Cabinas


El Ayuntamiento por fin inició la retirada de estos modestos y accidentales monumentos urbanos

Pasa un pequeño camión atravesando Ronda de los Tejares con un cadáver sobre el remolque. Es una cabina telefónica ajada, envuelta entre sus propios cables, tumbada como si hubiera sido abatida por un francotirador. Es el disparo certero del tiempo que la dejó seca e inútil hace varios años, disecada como un egipcio antiguo, como un testimonio congelado envuelto en pegatinas de fiestas de estudiantes y pintores a domicilio que ofrecen sus servicios.

El Ayuntamiento por fin inició la retirada de estos modestos y accidentales monumentos urbanos dedicados a una época en la que fuimos de otra manera. Los vecinos en general y los chivatos de las redes sociales en particular han insistido mucho en el desmantelamiento porque les resultaba violento mirar los armatostes inutilizados, y en estos tiempos en los que ya no se usan cabinas telefónicas, todos somos más sensibles a la estética, condicionada por esos asesinos de cabinas que son los teléfonos móviles. Los móviles no solo han acabado con las llamadas a pie y estáticas de las esquinas de una calle cualquiera sino que han fotografiado y denunciado a las viejas cabinas como intrusas de un tiempo y unos lugares que ya no son. “Quítenlas, que nos molestan”, parecían decir los celulares por boca de los vecinos violentados. Muchos de esos vecinos usaron ayer las cabinas, como quien dice,  para llamar a una novia, a una madre, a un hijo o a un jefe. Pero ya no lo recuerdan. Es la prisa con la que vivimos hoy que nos borra hasta los recuerdos. La memoria era un músculo sano cuando había cabinas porque recordábamos los números de teléfono de nuestra novia, de la casa familiar, del trabajo y de información, por si teníamos que llamar a una delegación administrativa o a un particular. No había protección de datos pero sí pudor, porque en las cabinas nos encerrábamos y convertíamos ese espacio en el lugar sagrado para nuestro interlocutor y nosotros. Cuando proliferaron las semiabiertas, se solía moderar el tono de voz porque a nadie le debería importar lo que estuviésemos hablando. Ahora le hacemos fotos a nuestros feos pies para mostrar al mundo que estamos en la playa. Se fueron las cabinas y perdimos el sentido de la intimidad aunque nos hayamos vuelto más sensibles al mobiliario urbano, en el que ya no hay lugar para las cabinas momificadas mientras tragamos granito rosa sin rechistar y marquesinas marcianas que no nos acogen a sagrado mientras llega el autobús, y las inclemencias del tiempo nos golpean porque no entienden de diseño.

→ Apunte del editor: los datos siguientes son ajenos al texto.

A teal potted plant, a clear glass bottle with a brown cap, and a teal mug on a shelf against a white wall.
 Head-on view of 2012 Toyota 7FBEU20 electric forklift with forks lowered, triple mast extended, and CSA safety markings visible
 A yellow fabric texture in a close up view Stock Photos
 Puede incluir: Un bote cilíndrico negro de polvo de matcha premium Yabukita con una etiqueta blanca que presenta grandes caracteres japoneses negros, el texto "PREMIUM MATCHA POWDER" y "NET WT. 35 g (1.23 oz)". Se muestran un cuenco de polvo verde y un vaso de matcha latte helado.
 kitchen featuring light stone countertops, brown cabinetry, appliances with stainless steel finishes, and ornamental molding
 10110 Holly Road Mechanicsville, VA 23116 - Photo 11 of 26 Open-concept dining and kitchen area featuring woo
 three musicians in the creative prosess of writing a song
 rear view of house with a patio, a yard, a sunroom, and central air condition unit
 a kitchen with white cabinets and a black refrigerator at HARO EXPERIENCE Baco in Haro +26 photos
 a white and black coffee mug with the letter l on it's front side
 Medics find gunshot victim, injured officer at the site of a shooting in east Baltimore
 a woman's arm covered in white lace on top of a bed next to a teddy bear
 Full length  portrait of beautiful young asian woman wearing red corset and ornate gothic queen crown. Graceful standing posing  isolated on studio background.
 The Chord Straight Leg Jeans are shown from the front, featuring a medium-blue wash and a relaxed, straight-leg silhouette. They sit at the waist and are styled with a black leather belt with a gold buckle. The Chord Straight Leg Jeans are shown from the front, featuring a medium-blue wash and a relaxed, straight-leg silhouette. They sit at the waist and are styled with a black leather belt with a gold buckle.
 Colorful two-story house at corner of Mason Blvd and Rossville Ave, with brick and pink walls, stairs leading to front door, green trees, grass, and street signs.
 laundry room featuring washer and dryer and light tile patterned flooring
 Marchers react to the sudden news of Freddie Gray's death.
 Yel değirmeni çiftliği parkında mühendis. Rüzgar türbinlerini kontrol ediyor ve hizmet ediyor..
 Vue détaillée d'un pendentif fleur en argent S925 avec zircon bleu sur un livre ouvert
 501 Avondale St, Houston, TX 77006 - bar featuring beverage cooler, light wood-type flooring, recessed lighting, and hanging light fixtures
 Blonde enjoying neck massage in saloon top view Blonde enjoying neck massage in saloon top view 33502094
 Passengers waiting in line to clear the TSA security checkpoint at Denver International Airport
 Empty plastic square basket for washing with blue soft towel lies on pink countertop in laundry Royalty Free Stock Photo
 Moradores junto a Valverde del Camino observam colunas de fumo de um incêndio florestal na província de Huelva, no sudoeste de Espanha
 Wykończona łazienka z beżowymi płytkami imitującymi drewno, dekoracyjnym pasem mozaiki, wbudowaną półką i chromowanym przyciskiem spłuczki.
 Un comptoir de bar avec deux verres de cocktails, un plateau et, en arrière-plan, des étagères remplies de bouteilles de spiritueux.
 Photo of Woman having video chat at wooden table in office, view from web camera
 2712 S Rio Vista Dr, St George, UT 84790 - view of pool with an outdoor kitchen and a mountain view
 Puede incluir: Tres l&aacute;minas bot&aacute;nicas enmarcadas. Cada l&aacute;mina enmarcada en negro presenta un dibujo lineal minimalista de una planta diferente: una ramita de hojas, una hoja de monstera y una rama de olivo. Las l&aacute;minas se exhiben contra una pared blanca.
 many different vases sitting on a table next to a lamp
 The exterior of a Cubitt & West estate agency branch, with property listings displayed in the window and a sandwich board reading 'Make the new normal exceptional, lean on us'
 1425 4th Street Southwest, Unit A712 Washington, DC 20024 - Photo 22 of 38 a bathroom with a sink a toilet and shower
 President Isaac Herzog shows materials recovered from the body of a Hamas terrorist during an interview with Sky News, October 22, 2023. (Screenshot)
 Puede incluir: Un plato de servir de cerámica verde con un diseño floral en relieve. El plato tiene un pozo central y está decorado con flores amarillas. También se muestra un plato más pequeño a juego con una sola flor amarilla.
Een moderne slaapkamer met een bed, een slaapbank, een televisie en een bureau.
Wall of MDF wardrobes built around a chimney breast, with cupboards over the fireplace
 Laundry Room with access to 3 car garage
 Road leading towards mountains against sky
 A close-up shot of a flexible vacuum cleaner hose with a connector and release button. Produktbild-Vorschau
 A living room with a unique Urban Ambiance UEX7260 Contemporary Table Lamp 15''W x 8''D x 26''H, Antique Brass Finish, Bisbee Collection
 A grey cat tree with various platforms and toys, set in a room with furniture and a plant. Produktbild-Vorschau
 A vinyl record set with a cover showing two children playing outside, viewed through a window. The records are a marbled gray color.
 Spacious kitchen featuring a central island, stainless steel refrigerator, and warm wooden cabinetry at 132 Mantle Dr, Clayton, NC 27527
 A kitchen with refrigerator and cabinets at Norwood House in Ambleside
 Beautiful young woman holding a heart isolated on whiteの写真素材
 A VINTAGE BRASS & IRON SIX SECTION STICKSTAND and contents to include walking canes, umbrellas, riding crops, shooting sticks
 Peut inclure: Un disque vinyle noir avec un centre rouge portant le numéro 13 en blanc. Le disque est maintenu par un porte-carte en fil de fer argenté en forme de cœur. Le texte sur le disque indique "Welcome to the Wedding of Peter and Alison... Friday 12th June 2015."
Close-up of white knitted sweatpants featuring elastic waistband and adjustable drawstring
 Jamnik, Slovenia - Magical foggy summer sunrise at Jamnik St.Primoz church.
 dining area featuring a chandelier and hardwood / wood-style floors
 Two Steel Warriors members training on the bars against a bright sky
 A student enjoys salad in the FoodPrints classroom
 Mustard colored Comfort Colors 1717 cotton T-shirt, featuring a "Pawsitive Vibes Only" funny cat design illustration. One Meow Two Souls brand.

En ese pequeño camión por Ronda de los Tejares viaja un testimonio, cientos de ellos, hacia un desguace sostenible que cumple con la normativa europea. Es el cadáver de lo que fuimos cuando la vida era otra, en la usábamos el teléfono para hablar, para llamar a nuestra gente, para dar un aviso, para decir te quiero. Ahora ya no hay cabinas y tampoco hablamos. Ya no las usamos porque es el teléfono el que nos utiliza a nosotros.